PARIS: L'horreur de Srebrenica vue à travers les yeux d'une mère impuissante: elle-même rescapée de la guerre, la Bosnienne Jasmila Zbanic, signe avec "La voix d'Aïda", en salles mercredi en France, un film sans concession sur la responsabilité occidentale dans ce massacre.
La réalisatrice de 46 ans, Ours d'or à Berlin en 2006 pour "Sarajevo mon Amour", a choisi de raconter l'histoire d'une interprète travaillant pour les Casques Bleus néerlandais censés protéger les civils bosniaques de Srebrenica, en 1995. Le film pointe la responsabilité des Nations Unies, qui étaient supposés avoir fait de cette ville, dont les Serbes s'étaient emparés, une zone protégée.
Srebrenica est la pire tuerie sur le sol européen depuis la Seconde guerre mondiale, avec plus de 8 000 hommes et garçons musulmans exécutés par les forces serbes de Bosnie. "On a toujours la liberté d'agir avec humanité", avait lancé Jasmila Zbanic à la Mostra de Venise où le film était présenté en 2020, estimant que "certains commandants (des Casques bleus) auraient pu changer les choses, même avec peu de moyens".
En 01H43, ce drame retrace le déroulé de la journée du massacre, le 11 juillet 1995, vu depuis le camp de l'ONU, et la façon dont les Serbes se jouent de la faiblesse des forces internationales.
L'interprète bosniaque, Aida, jouée par Jasna Djuric, doit traduire, sans trop savoir si elle doit y croire, les propos du chef des Casques bleus, Thom Karremans (joué par l'acteur belge Johan Heldenbergh), qui veut rassurer les civils placés sous leur protection.

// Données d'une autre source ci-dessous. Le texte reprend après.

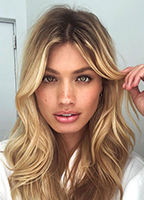 Maggie Rawlins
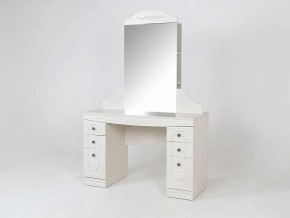 Мария-Луиза 10 трюмо в Челябинске - mebel74.com | фото
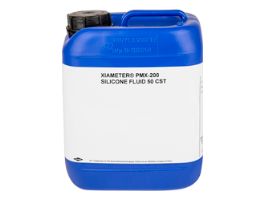 XIAMETER PMX-200 Fluids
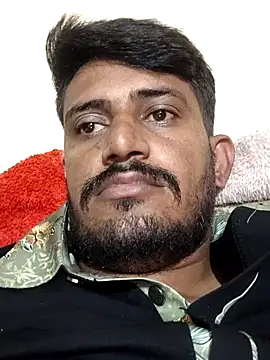 krishjaat43 online show from July 2026 02:40:01 AM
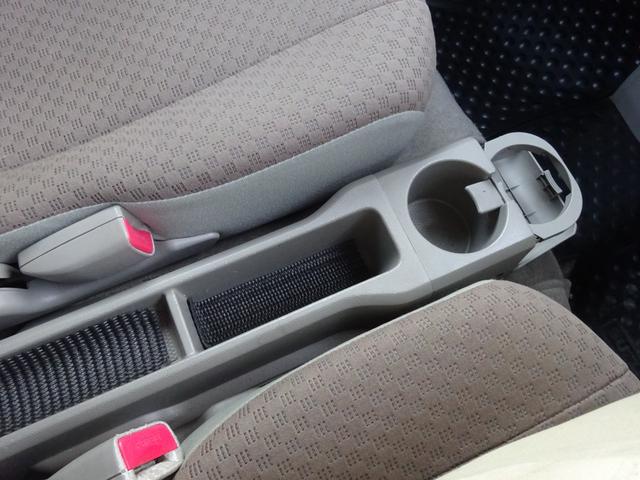 エブリイ ジョインターボ　平成２４年式車検令和８年１１月走行１３１１００キロタイミングチェーン４速ＡＴターボキーレスエアコンパワステフル装備ＥＴＣプライバシーガラス電動格納ミラーハイルーフ社外１２インチアルミ（55枚目）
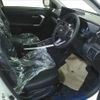 daihatsu rocky 2024 CFJ1730449 image 5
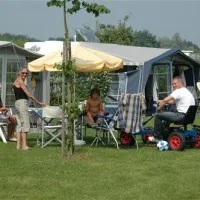 camping-landgoed-lemmenhof-ell-wftab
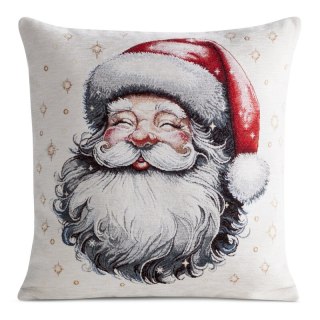 SZE/CHP/6280/NAT 45X45 +/-5%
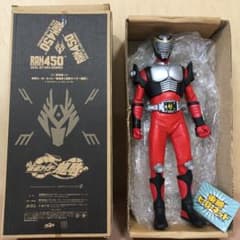 m18116548611_1.jpg?1608591746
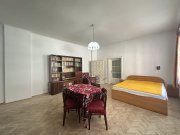 Apartament in casa spațios la doar 5-7 minute de Centrul Istoric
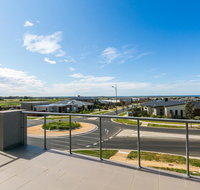 Centreside Ocean Views 59 - Schoolies Week Accommodation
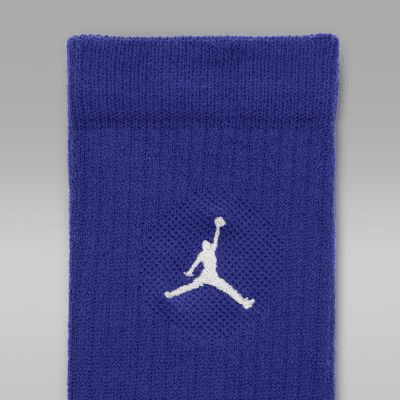 JordanCrew-Socken für jeden Tag (3 Paar) Online
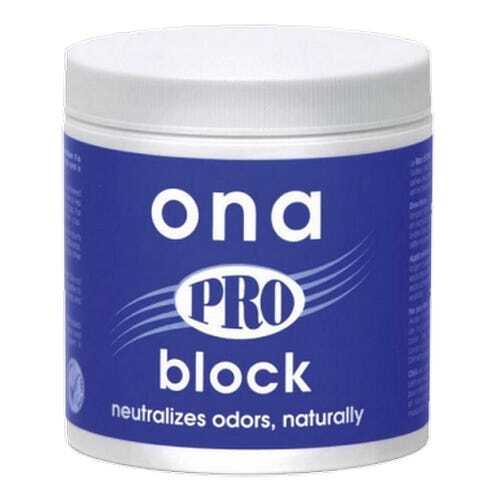 Anti elimine neutraliseur - /,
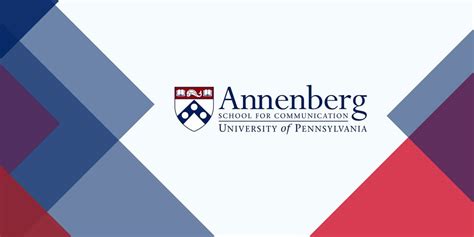 Annenberg Alumni Breakfast, Kurrawa Surf Club, Broadbeach, 21 June 2024 ...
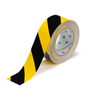 Barriers, Barricades, Floor Markings, Tapes -- 2267-104317-ND - Image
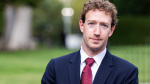 The Social Reckoning Is an Even Bigger Burn on Mark Zuckerberg Than You Think  The Hollywood Reporter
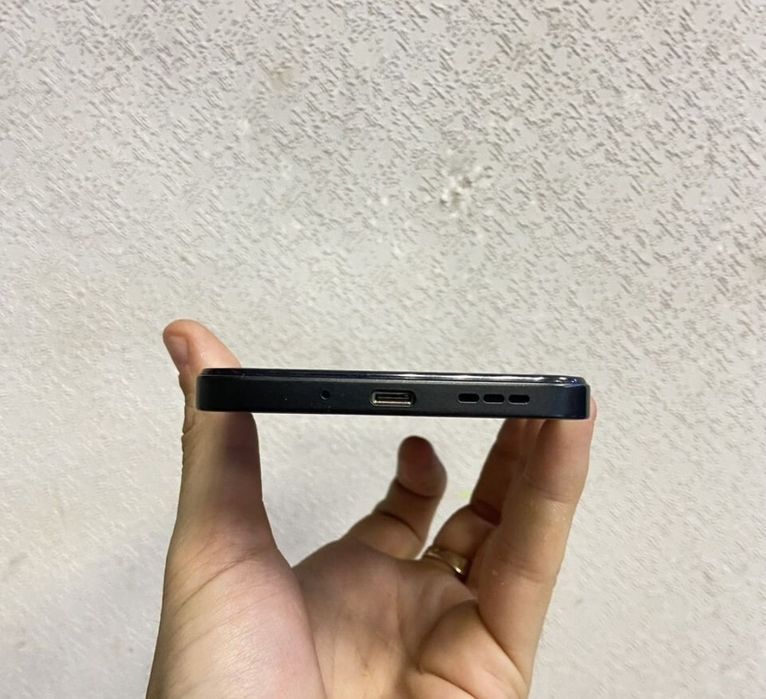 Poco C65 новый 8/256 Gb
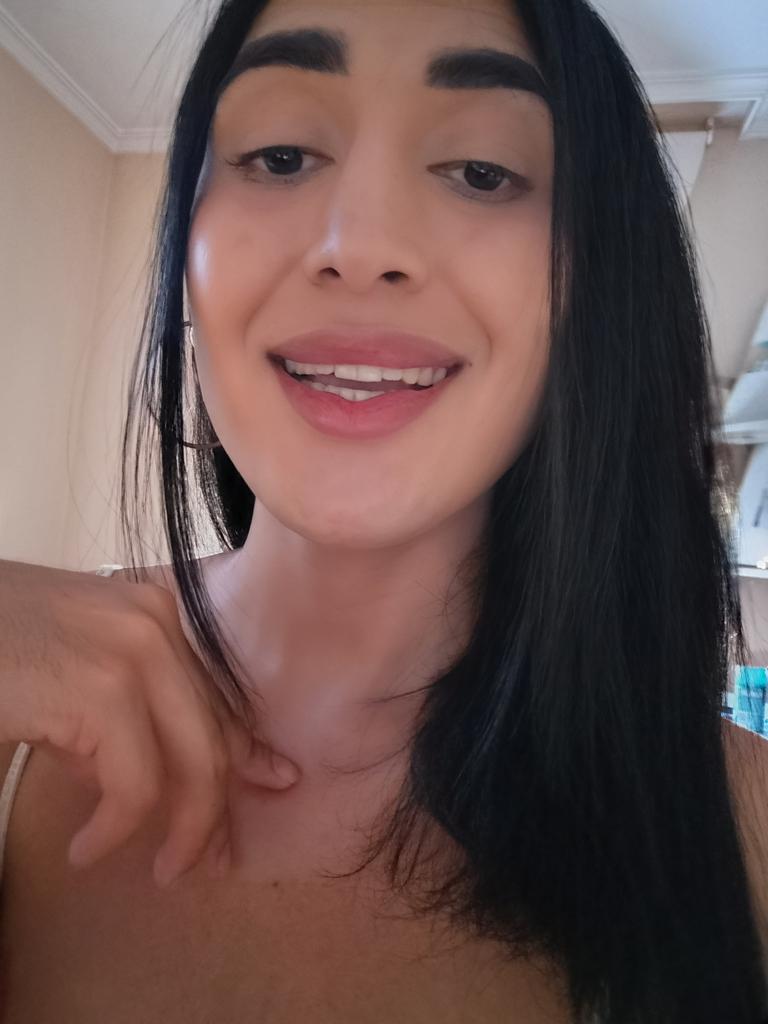 Transexual en Zaragoza: 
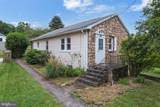 100 Braddock Road - Photo 1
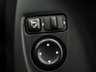 USED 2016 16 RENAULT KADJAR 1.5 SIGNATURE NAV DCI 5d 110 BHP Finished in DIAMOND BLACK with part LEATHER Trim. This Renault Kadjar is a spacious SUV that's perfect for the family. It looks stylish thanks to the swooping curves and creases that define the distinctive looks of the modern Renaults. Features include, &pound;20 Road tax, Sat Nav, B/Tooth, DAB, Part Leather, Pan Roof and much more. Arnold Clark Renault Dealer serviced at 4829 miles,16384 miles, 25015 miles, 38069 (MOT) miles and at 43471 miles.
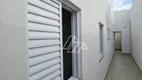 Foto 17 de Casa de Condomínio com 3 Quartos para venda ou aluguel, 115m² em Parque Residencial Novo Horizonte, Marília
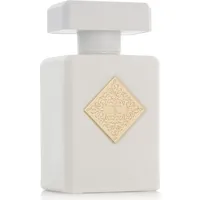 Initio Parfums Privés Musk Therapy Eau de Parfum 90 ml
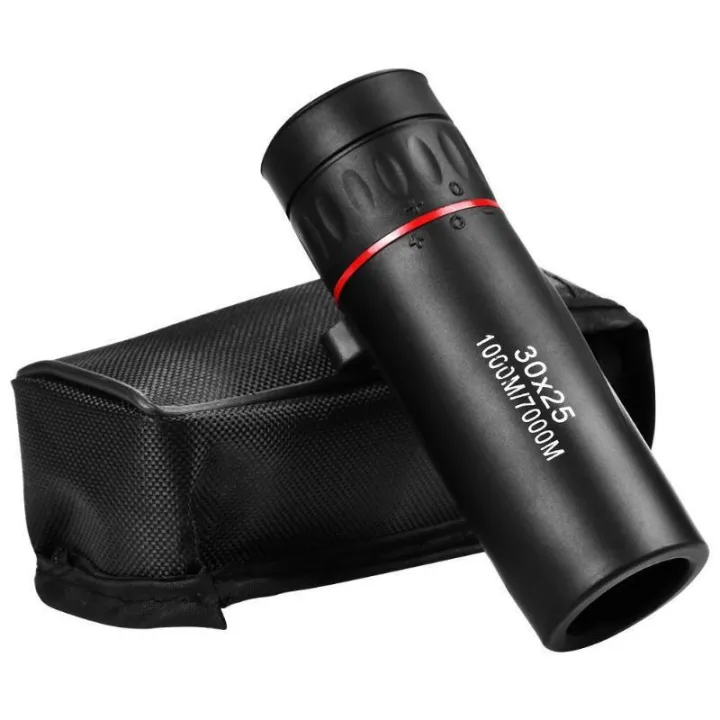 30x25%20small%20monocular%20outdoor%20telescope%20high%20power%20HD%20night%20vision%20mini%20portable%20photo%20cross-border%20manufacturers%20wholesale%20-%20Image%205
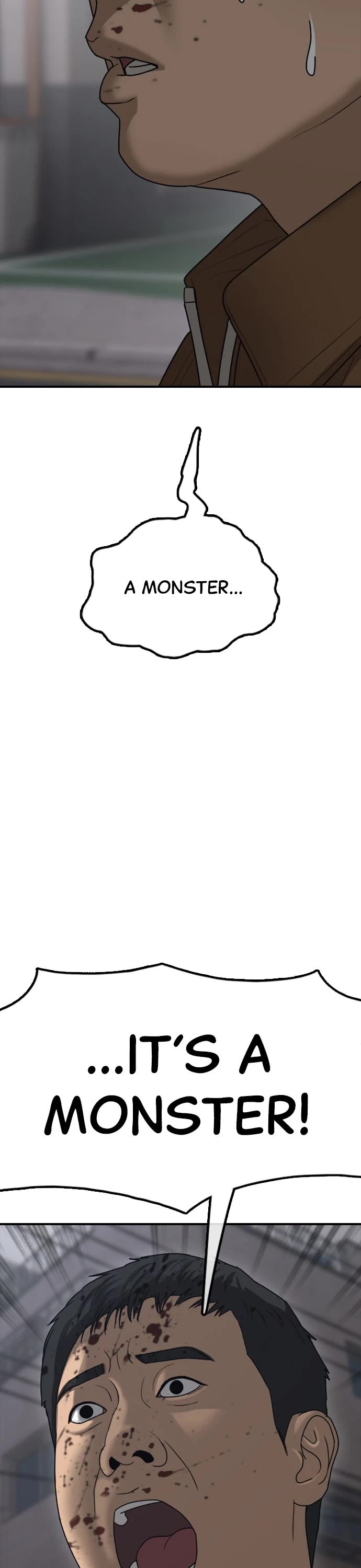 The Apocalypse is Here chapter 18 page 72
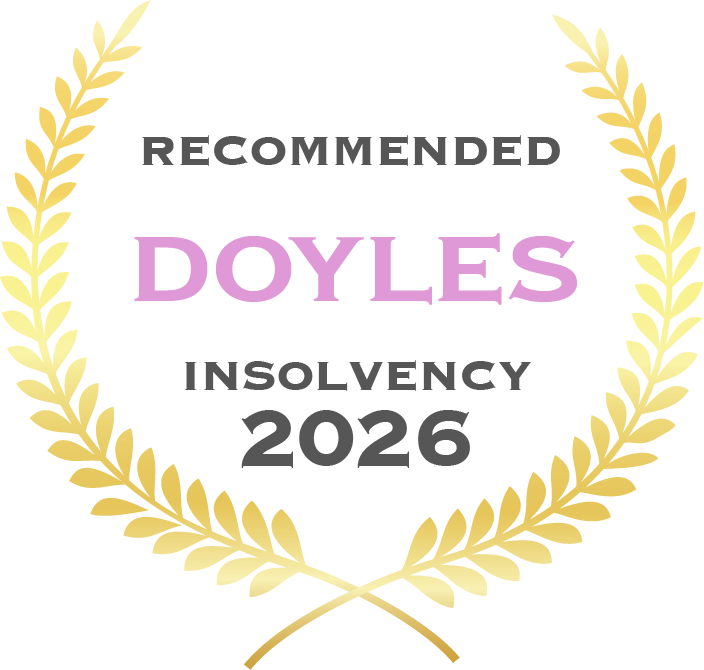 Insolvency - Recommended - 2026.png
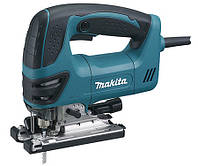 Электролобзик Makita 4350CT TVM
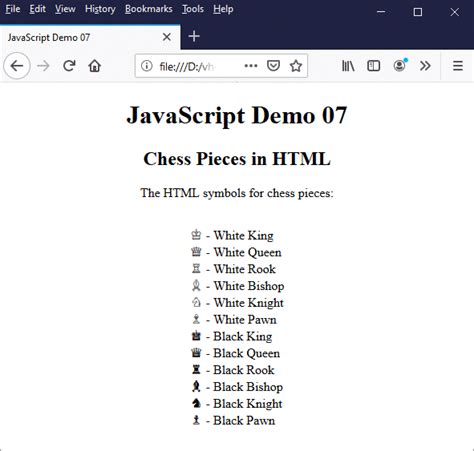 Image result for Control JavaScript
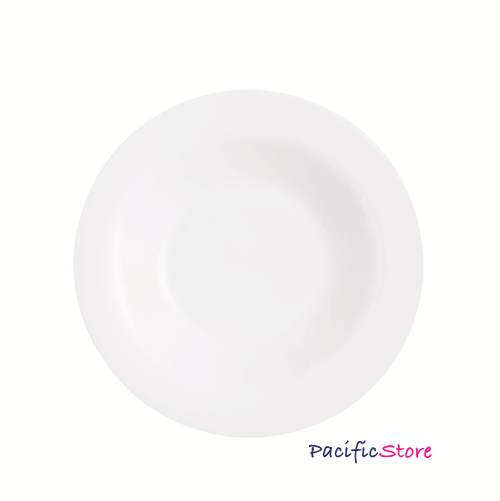 Assiette Intensity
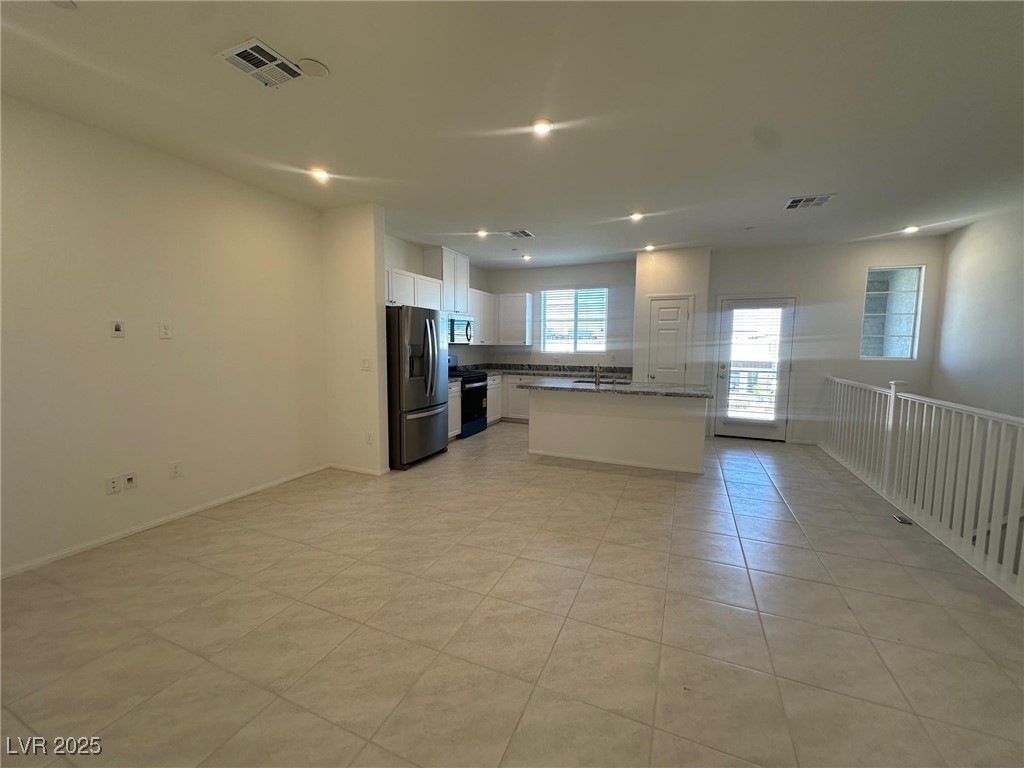 1163 Heliodor Avenue lot 170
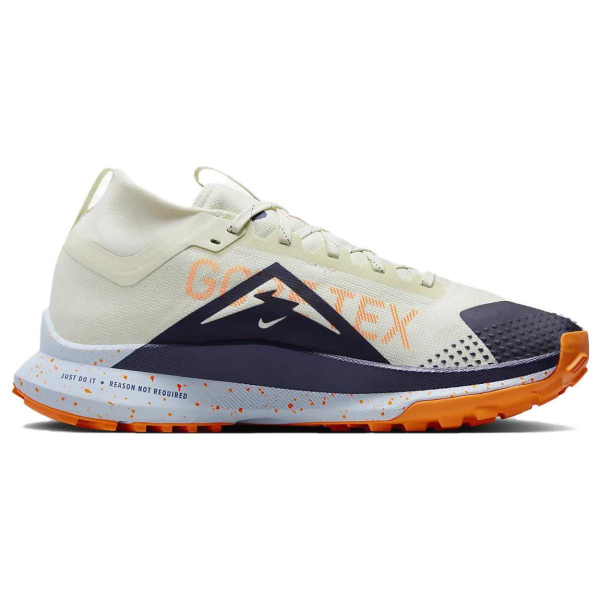 Nike Pegasus Trail 4 GORE-TEX
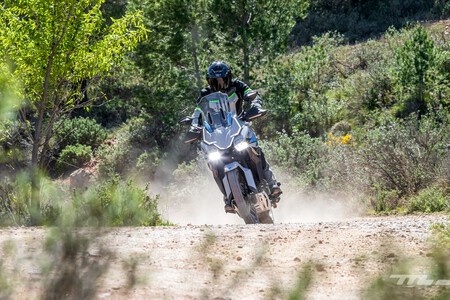 Zontes 703f 2025 Prueba003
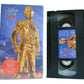 Michael Jackson: History On Film, Vol.11 - Music Videos - King Of Pop - Pal VHS-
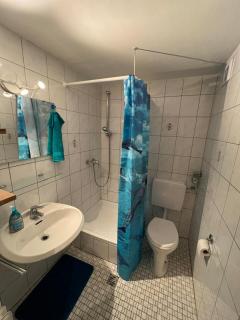 Zentral gelegene Apartments am Schillerplatz - Mönchengladbach - 2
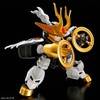 BANDAI SPIRITS Mashin Creation Wataru Kirinmaru (First Press Limited Edition)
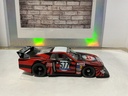 1:32 GB track Lancia Beta Montecarlo #577 image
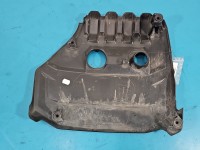 Osłona silnika górna Skoda Octavia III 1.5 TSI 05E103925P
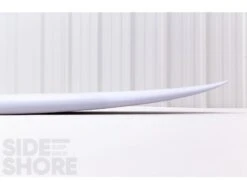 RNF Retro Revamp - 5'6 X 20.75" X 2.40" - 32 L - Quad - Futures 30 RNF Retro Revamp - 5'6 X 20.75" X 2.40" - 32 L - Quad - Futures -Duotony Boutique rnf retro revamp 56 x 2075 x 240 32 l quad futures lost 8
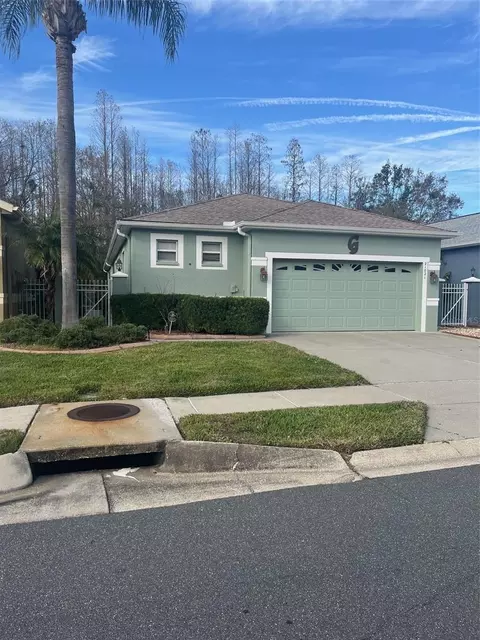21021 Tangor Rd, Land O Lakes, FL 34637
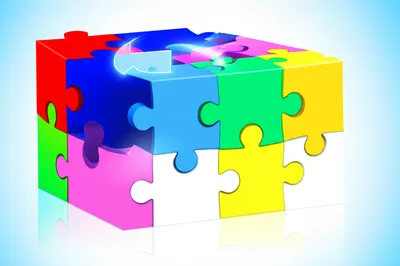 Illustration unions - Image 1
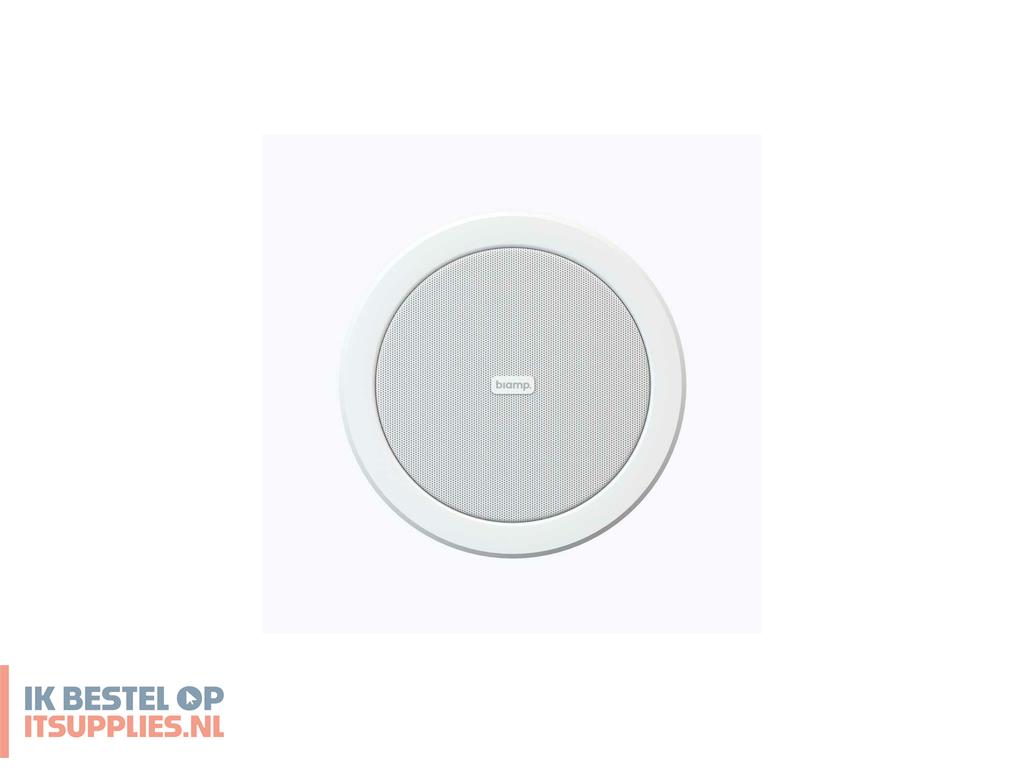 4555317-biamp_cm10tb_white_wit_bedraad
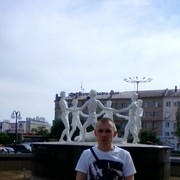  ,   , 41 ,   ,   , c 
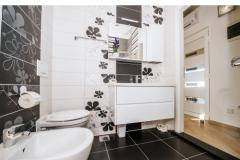 Villa Boutique Nirvana Apartmán 4 – Relaxation foto 6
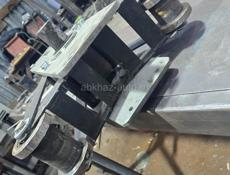 Продам станок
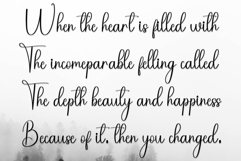 Beliving Product Image 7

A mesure que les soldats serbes se rapprochent, elle va se lancer dans une quête de plus en plus désespérée pour sauver son mari et ses deux fils, réfugiés avec des milliers d'autres civils bosniaques.
Le principal artisan du massacre, le général serbe Ratko Mladic, obsédé par ses images de propagande, est interprété par Boris Isakovic. Mladic a été condamné à la prison à vie en 2017, pour génocide par la justice internationale, et notamment pour son rôle à Srebrenica. Le jugement a été confirmé en appel.
Les Casques bleus avaient "mission de protéger les civils avec leurs armes. Or, ils n'ont pas tiré une seule balle !" a dénoncé la réalisatrice, qui souligne la portée "universelle" de son film. Elle absout nombre de soldats sans grade, qu'elle a pu rencontrer et qui souffrent de troubles de stress post-traumatiques depuis les faits, mais dénonce les "préjugés" qu'avaient de nombreux soldats néerlandais à l'encontre des hommes musulmans de Bosnie.
Convaincue que si les faits se reproduisaient aujourd'hui, l'Europe "ne bougerait pas le petit doigt", Jasmila Zbanic assure que "La voix d'Aïda" n'est pas un pamphlet contre l'ONU, mais plutôt une exhortation à ce qu'elle "travaille mieux", avec plus de moyens.